However, the oil companies might sometimes be identified by cross-referencing them under their business listing (Annuaire Montrealais d'Affaires Classifies) under "Gasoline & Oil Service Stations", which may or not produce results.
For example, I do not recall the name of the service station that used to exist at 5470 Monkland on the southeast corner of Girouard--proprietor Marcel Comeau. It may have been a Sunoco, but surely someone reading this will know immediately.
It is quite possible, of course, that the deserted station at 7460 Sherbrooke stood for decades until the day it was eventually demolished. Further research is needed. Shell HQ ought to shed some light on this.
Decontamination of the former Shell station property following the removal of the sub-surface fuel tanks would have been a certainty.
The supermarket at 7470 had, of course, changed hands over the decades until it too was very recently replaced by tbe condo-apartments. Years ago, across the street at 7475 Sherbrooke were the offices of International Correspondence Schools, Canada Ltd.
As for any potential future plans for the 7460 sight, it would be very unwise for the City of Montreal to lease that land to any potential developers unless it would guarantee the incorporation of a future Metro station--such as what has occurred at other Metros like the one at the northeast corner of de Castelnau and St. Lawrence, for example. The city would certainly have a long-term plan to build a Montreal West Metro at some future point as they did at Vendome.
As for any Metro plans presumably later "abandoned", all is not lost, for a Metro station could easily be built at the northeast corner of Cavendish and Monkland, being as it is park property. Likewise in Ville St. Pierre (since merged with Lachine), and the final one at the edge of LaSalle Park in Lachine itself.
For Montreal to take the cheap way out by re-installing climactically-vulnerable tram lines on city streets instead of continuing Metro expansion would be a backward move.
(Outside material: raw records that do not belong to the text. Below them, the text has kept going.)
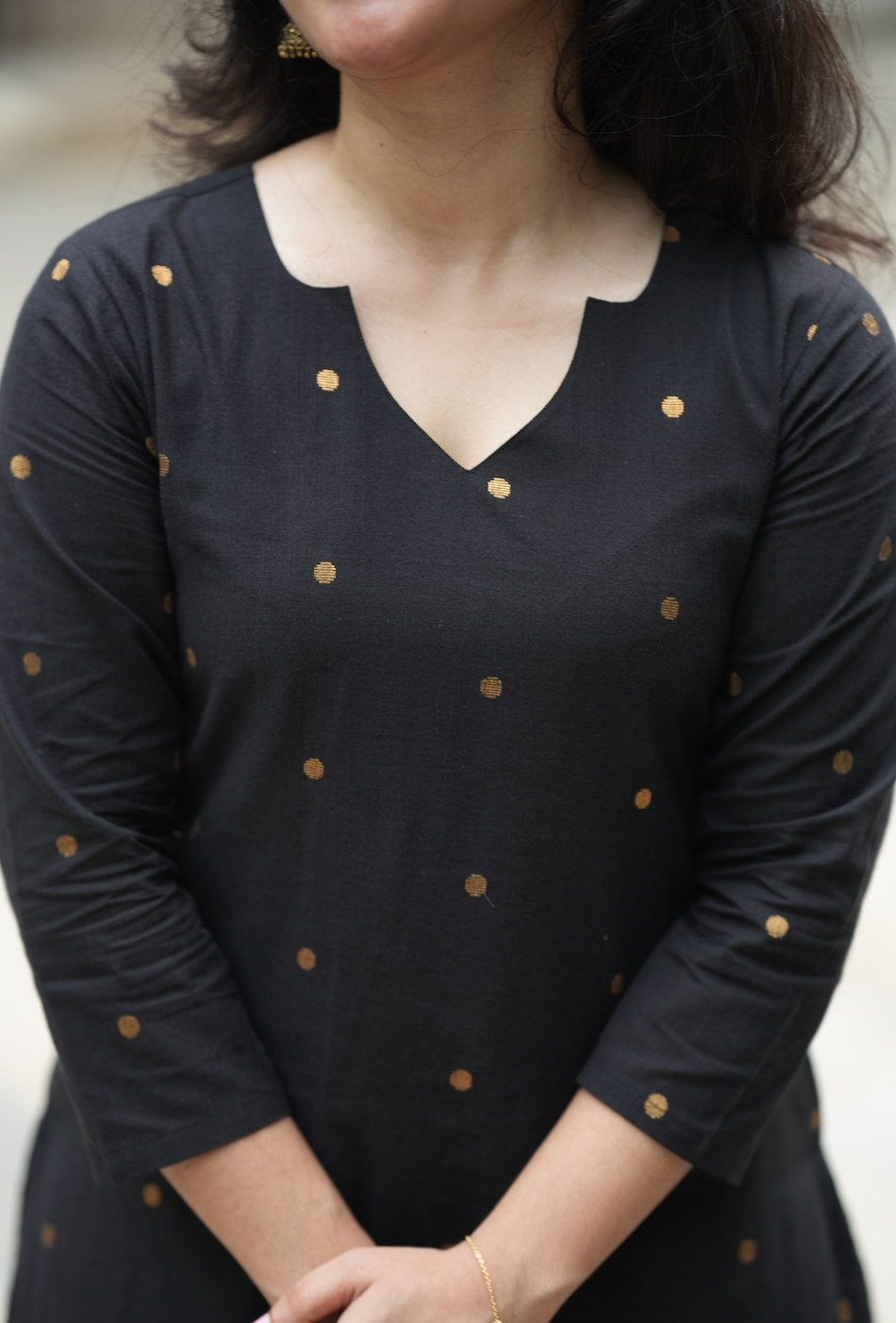 Yashodha-Black Kurti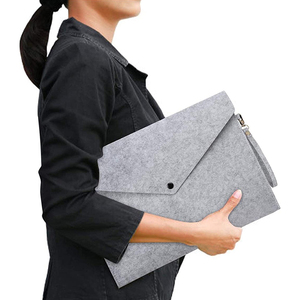 Biểu Tượng Tùy Chỉnh Xách Tay Cảm Thấy Thư Mục Mở Rộng Tập Tin Thư Mục Giấy Phong Bì A4 Thư Mục Cảm Thấy Tài Liệu Lưu Trữ Pouch Túi Với Dây Buộc - Product Image 6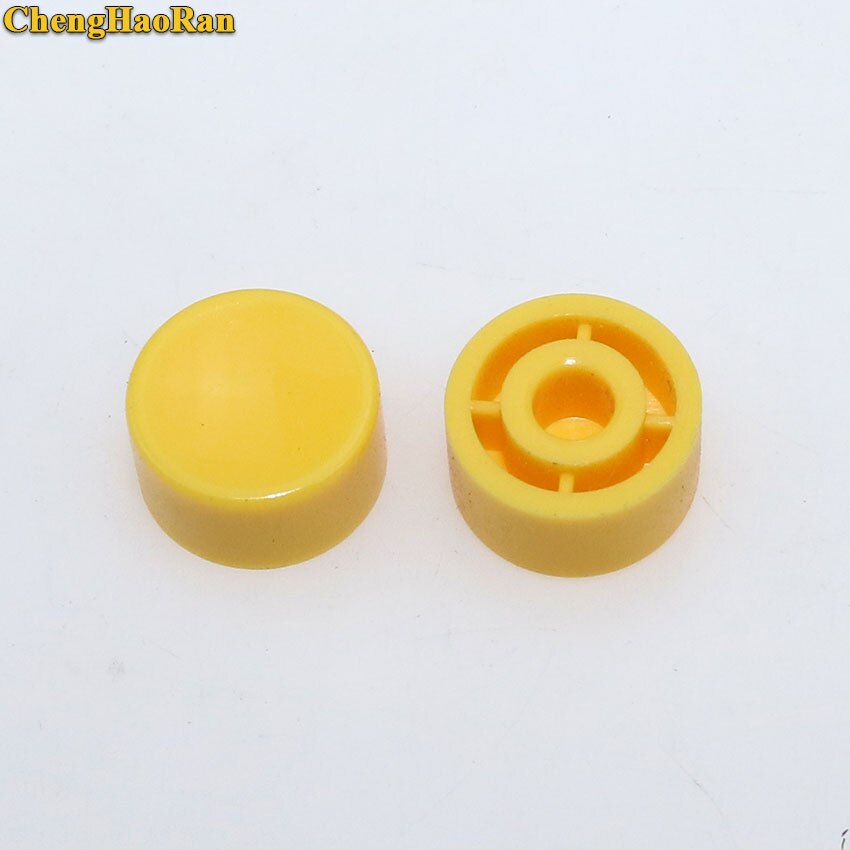 200PCS A17 Inner 3.2MM Plastic Tactile Switch Button Caps Push Key Caps Multicolor Concave 5.3*10mm for 6 * 6 Round Tact Switch: Brown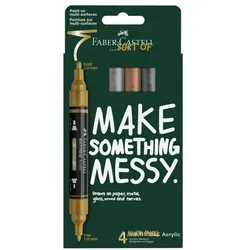 Faber-Castell Acrylic Marker Set »Metallic« 4 Stifte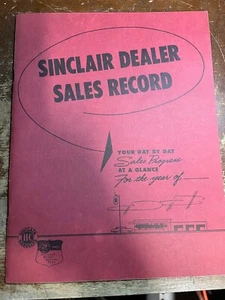 Vintage 1958 Sinclair Oil Dealer Sales Record Book - Picture 1 of 3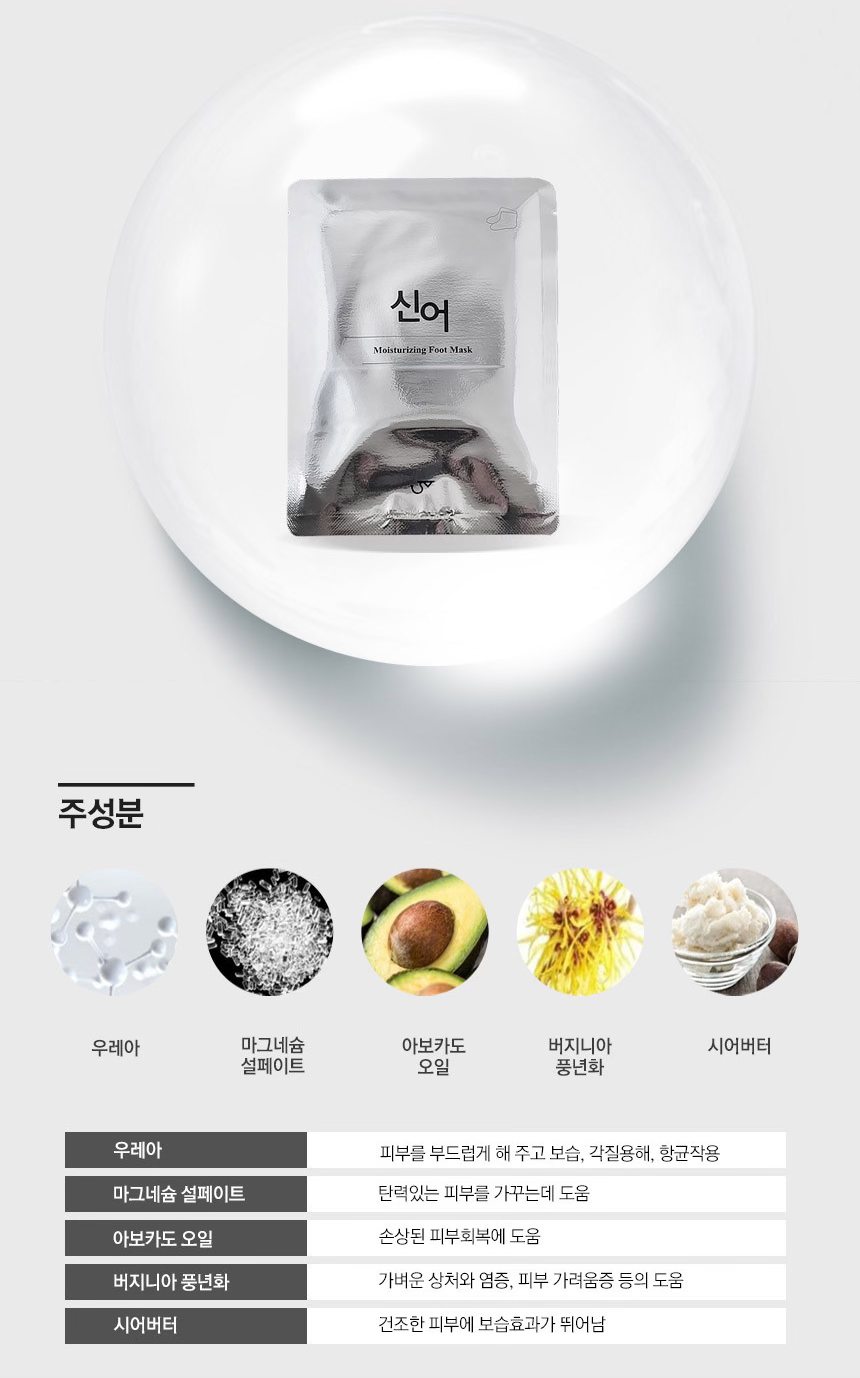 韓國🇰🇷國尿囊素精華煥膚足膜一雙14ml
A priority should be placed on the decades-old promise of extending the Blue Line through the existing high population density districts east to Ville d'Anjou and west to Lachine within the next ten to twenty years, and later the Orange Line from Cote Vertu north to Montmorency to complete the "orange circle line".
However, as I've suggested elsewhere, exclusive-right-of-way tram lines which do not interfere with vehicular traffic are acceptible.
Update:
The service station at 5470 Monkland, southeast corner of Girouard, was an Esso.
It was last listed in the 1978-79 Lovell's, after which it was eventually demolished following demands from local residents to turn the land into a green space.
A small park exists there today.
The one-time Shell service station on the southwest corner of Sherbrooke Elmhurst is indeed listed in Lovell's. The address is shown as 2500 Elmhurst with J. Sanaam listed as the proprietor of a Shell service station in 1976. The reason it might not be listed on Sherbrooke after 1959 is probably because a new service station building went up and the building now faced Elmhurst.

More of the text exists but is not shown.